Ser gordita en estos tiempos es, más que un artículo, una reflexión que escribió Martín Wong a raíz de algunas vivencias con su novia. Resulta una lectura muy interesante puesto que está escrita des del punto de vista masculino y con todo el amor y el respeto del mundo hacia el sexo opuesto.
Des de Dietafitness, recomendamos su lectura y damos las gracias a Martín Wong por esta magnífica reflexión que estamos seguros que nos va a ayudar un poco a todos y a todas a ver las cosas desde otra perspectiva y a querernos un poco más.
Gracias.
Disfrutábamos cómodamente de una hamburguesa, junto a una carretilla que asemejaba a una estufa gigantesca, cuando de pronto mi novia me preguntó si estaba gorda. Como todo caballero, le respondí que lucía espectacular, pero más me hubiera valido no haber mentido tan exageradamente. Me lo volvió a preguntar, esta vez poniéndose de pie, dándose una vuelta entera y advirtiendo que mirara con atención y sea lo más sincero posible. Puse cara de doctor y tomé una larga pausa mientras la analizaba. Bajita y de ojitos juguetones, una pícara sonrisa se dibujaba entre sus mejillas voluptuosas. Sus brazos eran gorditos, pero me gustaban. Su pronunciado escote, tantas veces instigador de lujuriosas miradas, apenas sostenía su abundante y florido busto. Debajo de éste, un pletórico abdomen, apretujado por el blue jean, parecía exigir pronta liberación.
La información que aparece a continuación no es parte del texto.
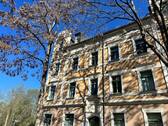 Hausansicht - *** Ruhige 4-Zimmer-Wohnung mit Balkon in Chemnitz-Gablenz - ideal für Familien ***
Sí, es cierto. Había engordado un poco desde que nos comprometimos hace tres meses, pero no perdía atractivo para mí. La he visto engordar durante las vacaciones y adelgazar durante el verano muchas veces, y siempre me ha parecido la linda y tierna chica de la cual me enamoré. Jamás dije o hice algo que le haga pensar que me incomoda su figura, así que los comentarios sobre su silueta debían provenir de otros flancos: de su mamá quizá, de sus amigas o de su hermana. Las mujeres siempre andan cuidando la línea ajena. Y aunque le dijeran que se parece a Liz Taylor (pero en sus últimos años), para ella yo tenía la última palabra. Por eso es que, parada allí mientras se quitaba la mayonesa de los labios, me miraba con la expectación de un reo esperando la sentencia.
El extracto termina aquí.